Sofraların baş tacı balık
Balık, sağlığımızı koruyan ve geliştiren besinler listesinin en başlarında yer alan bir yiyecektir, diyor Diyetisyen&Yaşam Koçu Gizem Şeber.
Avlanma yasağının bitmesinin ardından sofralarımızda hak ettiği yeri mutlaka almalı.
BALIK NEDEN YARARLI?
• Yüksek kaliteli protein içerir. Proteinler, vücudun yapım ve onarım işlemleri açısından önemlidir.
• Diğer et çeşitlerine göre yağ içeriği ve kalorisi daha düşüktür. Bu nedenle zayıflama diyetlerinde rahatlıkla yer alabilir.
• Kalp-damar sağlığı açısından çok önemli yeri olan omega-3 yağ asitlerinden zengindir. Omega-3 yağ asitlerinin beyin sağlığı açısından da çok önemli olduğu biliniyor. Yetersiz omega-3 alan kişilerin gelecekte Alzheimer ve demans (bunama) gibi hastalıklara yakalanma riski daha yüksek. Omega-3 yağ asitleri aynı zamanda vücuttaki iltihaplanmayı azaltarak; artrit gibi hastalıklara karşı koruma sağlıyor. Son dönemde, yeterli omega-3 alımının zayıflamayı kolaylaştırdığı da bilimsel araştırmalarca saptandı.
• Görme fonksiyonları, saç ve tırnak sağlığı ve bağışıklık sistemi açısından önemli yeri olan A vitamini ve kemik ve diş sağlığı için gerekli olan D vitamininden zengindir.
• Sinir sistemi ve metabolizmanın düzgün çalışmasında görevi olan B2 (riboflavin) ve demir mineralinin vücutta kullanılmasında ve tiroid hormonlarının sentezinde yer alan B12 vitamininden zengindir.
• Kemik ve diş yapısının önemli bir kısmını oluşturan fosfor mineralinden zengindir. Kılçıkları ile tüketildiğinde kalsiyum mineralinden zengindir.
• Demir, iyot, çinko ve magnezyum minerallerini içerir.
NE SIKLIKTA TÜKETİLMELİ?
Dünya’da birçok sağlık otoritesi; kalp-damar sağlığının korunması için haftada 2-3 defa balık tüketilmesini öneriyor.
BALIK NASIL PİŞİRİLMELİ?
Balık pişirilirken ızgara, buğulama veya fırında pişirme yöntemleri tercih edilmelidir.

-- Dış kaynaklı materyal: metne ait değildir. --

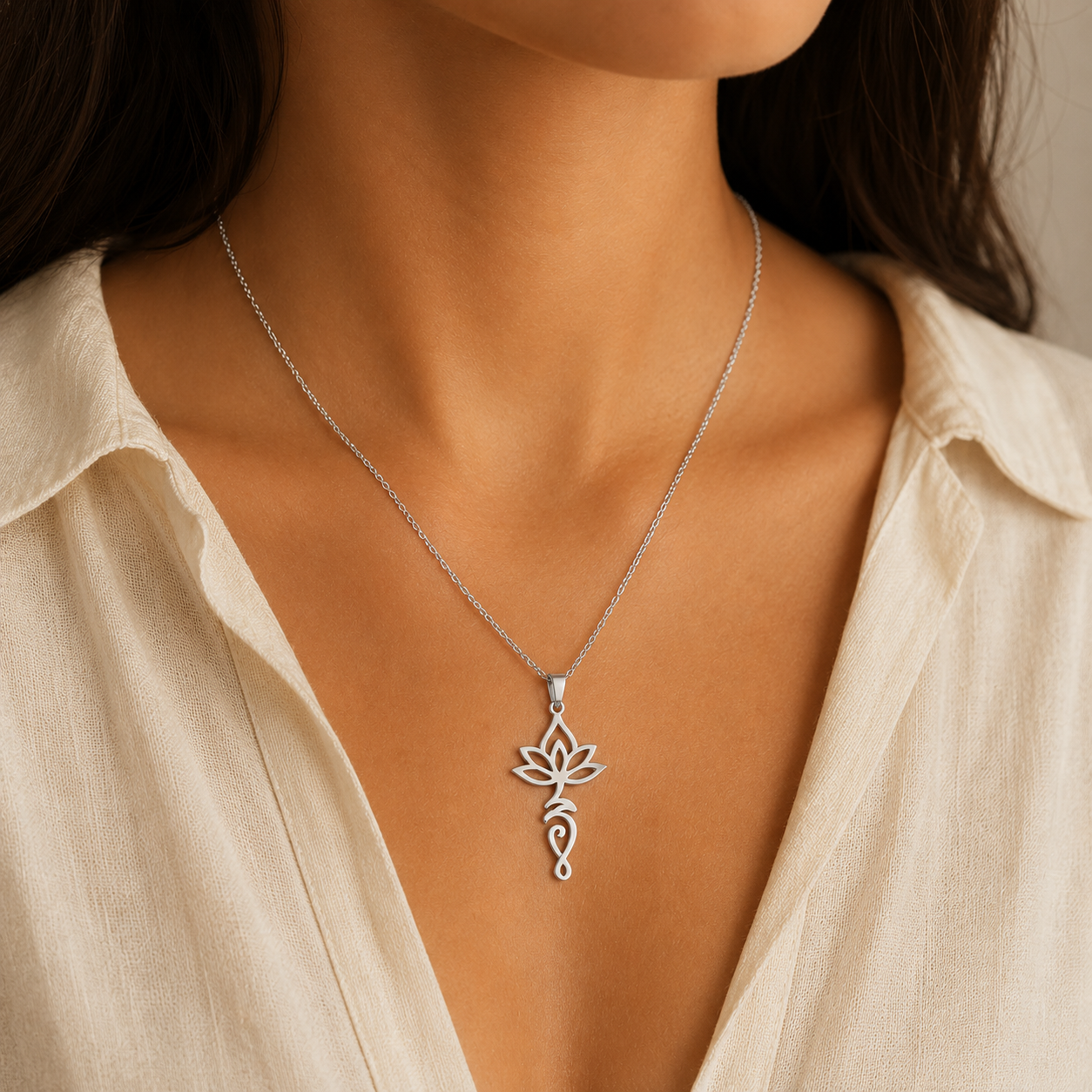 Collier Pendentif Unalome - Lotus Divin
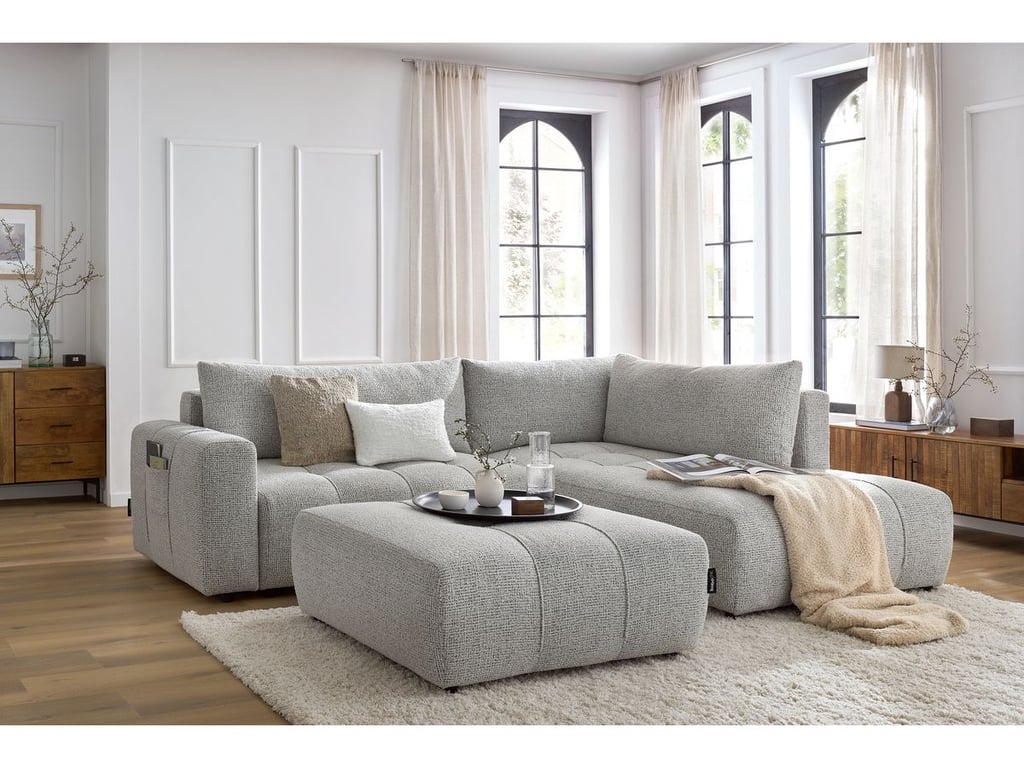 Produit similaire: Canapé d'angle L convertible coffre ARSENE avec pouf gris clair angle droit BOBOCHIC 4 places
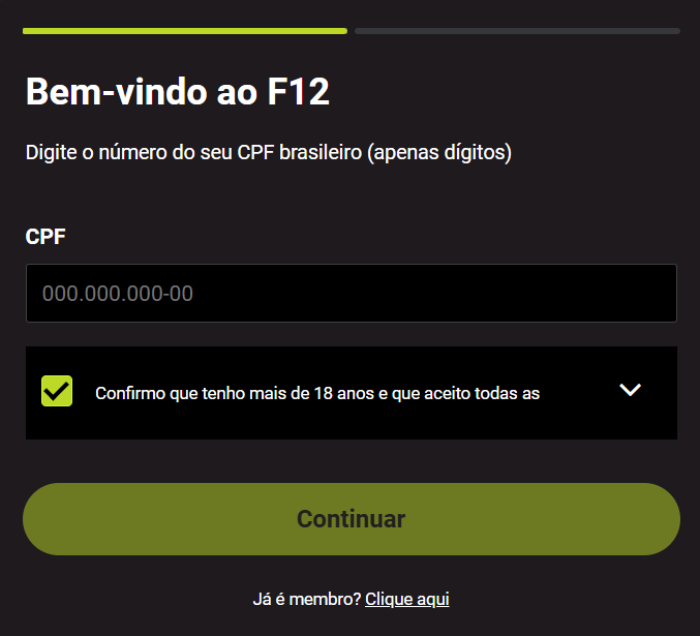 Como se cadastrar na F12 Bet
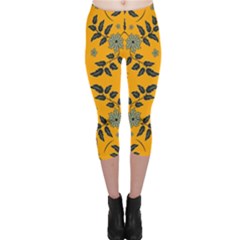 Floral Folk Damask Pattern Fantasy Flowers Floral Geometric Fantasy Capri Leggings  by Eskimos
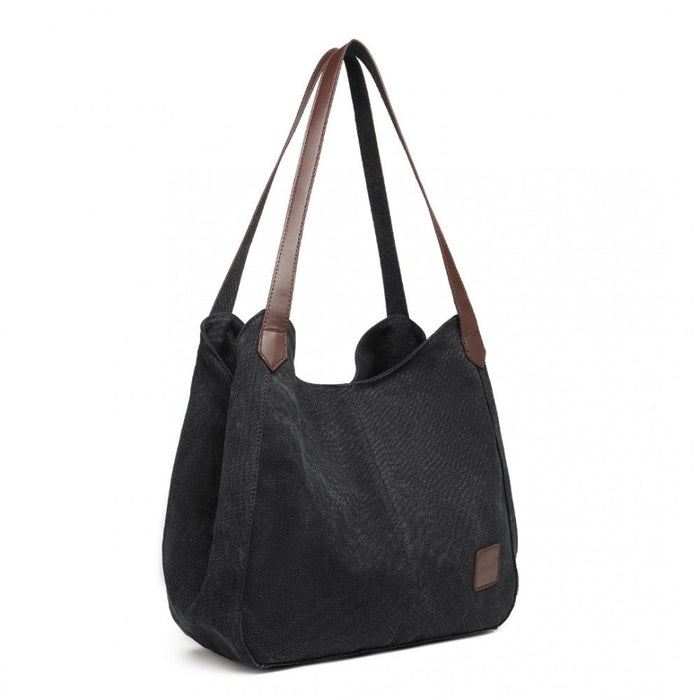 Eb2040l - Kono Canvas Shoulder Tote Bag - Black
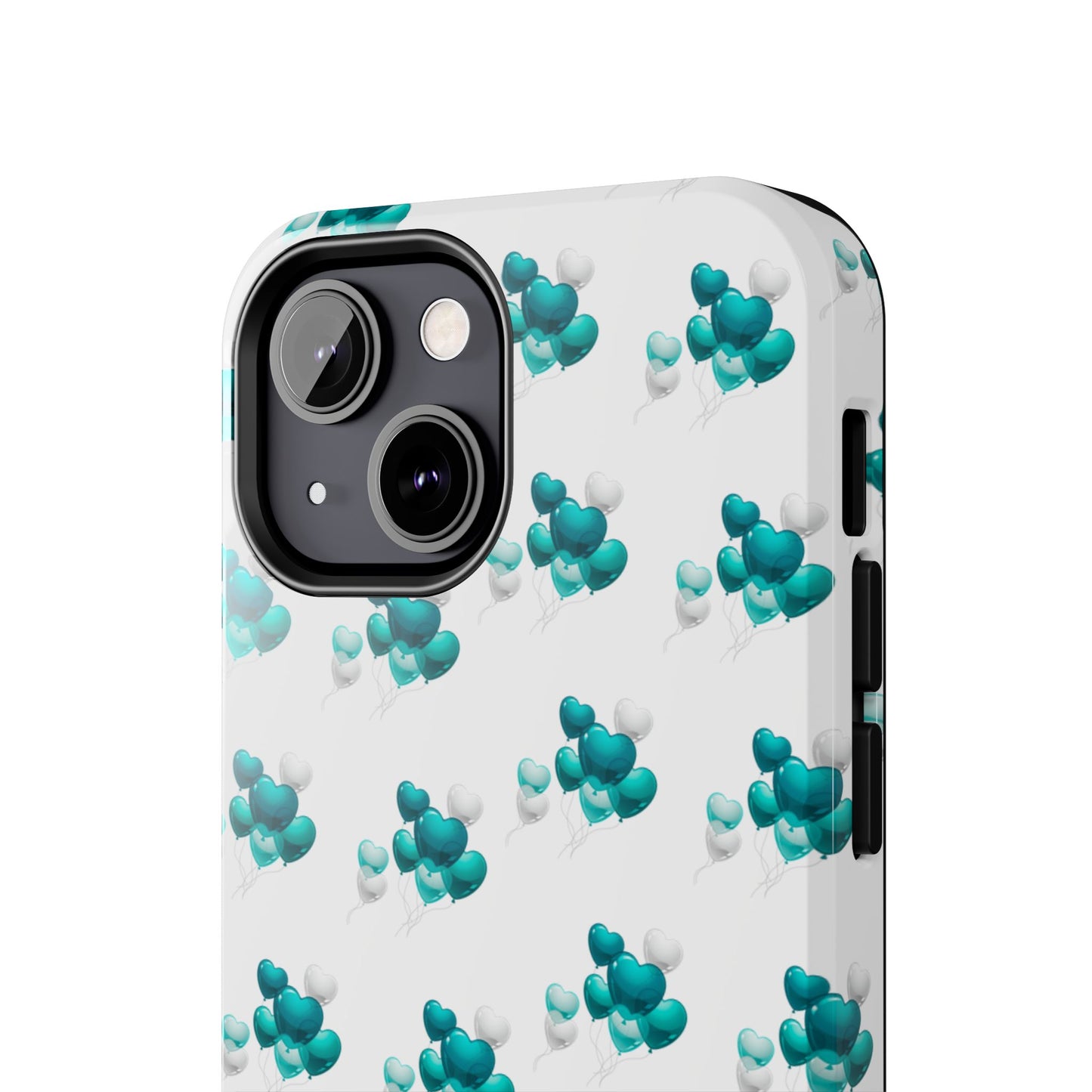 "Teal Heart Balloons" Tough Phone Case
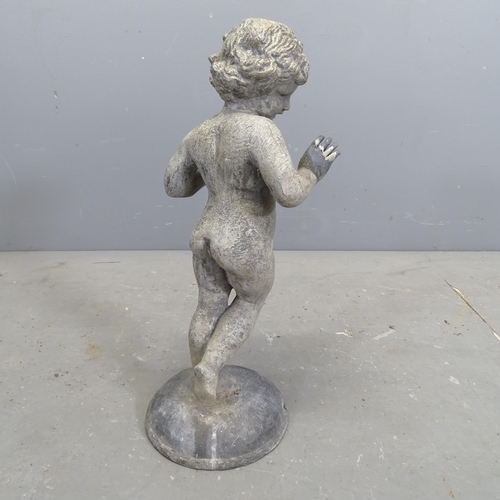 3183 - A lead cherub / putti sculpture. Height 52cm.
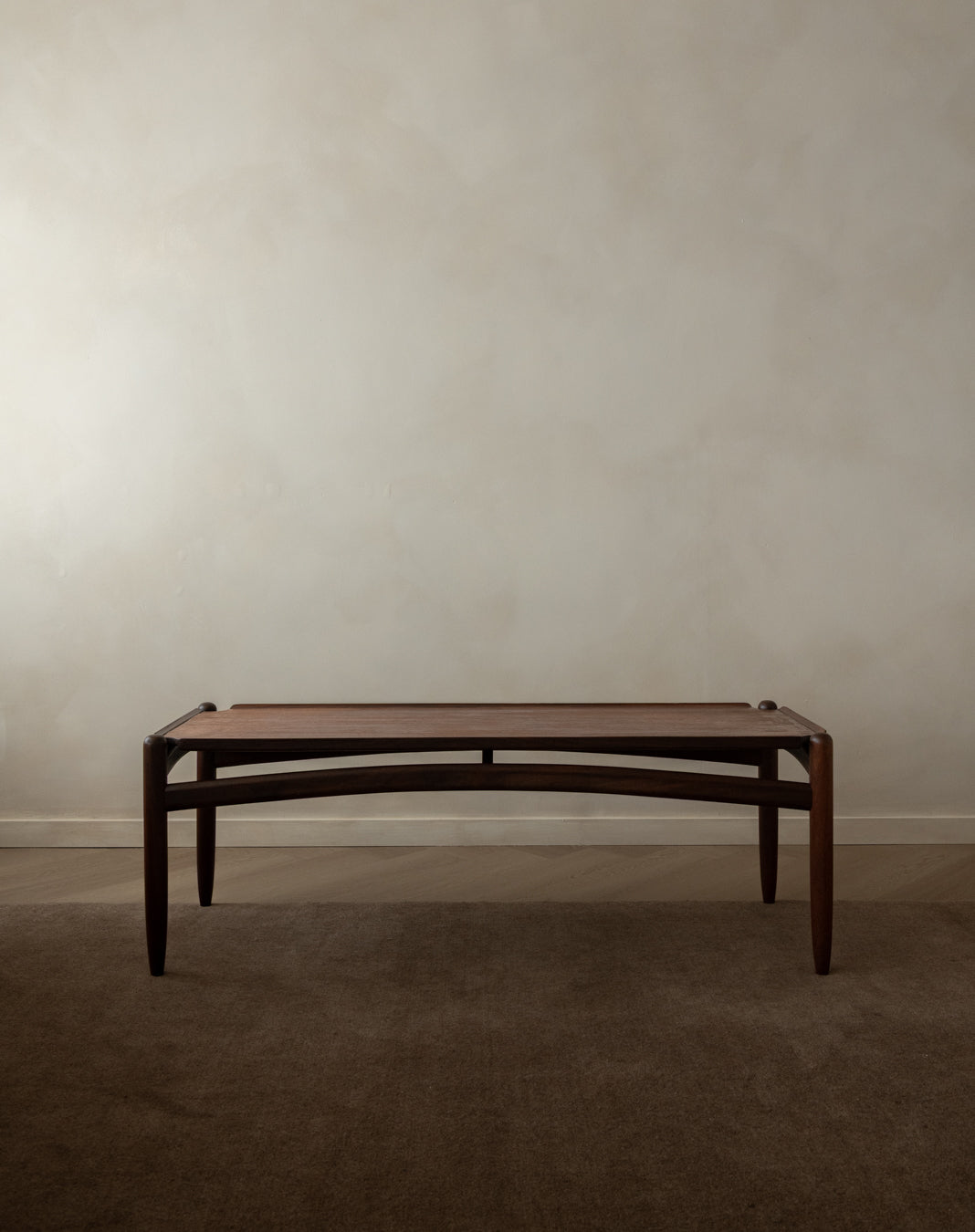 Scandinavian Modern Teak Coffee Table, Sculptural Tray Top Table, 1960s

Balık kızartma yöntemi ile pişirildiğinde omega-3 yağ asitlerinin büyük bir kısmının yapısı bozulur ve balığın sağlığa olan olumlu etkileri azalır.
EYLÜL PALAMUT AYI! HAMSİNİN EN LEZZETLİ OLDUĞU AY KASIM!
Balığın lezzetli olması içerdiği yağ oranı ile paralel seyrediyor. Palamudun en lezzetli olduğu ay Eylül-Ekim. Hamsinin ise biraz daha yağlanması gerekiyor, onun ideal zamanı ise Kasım.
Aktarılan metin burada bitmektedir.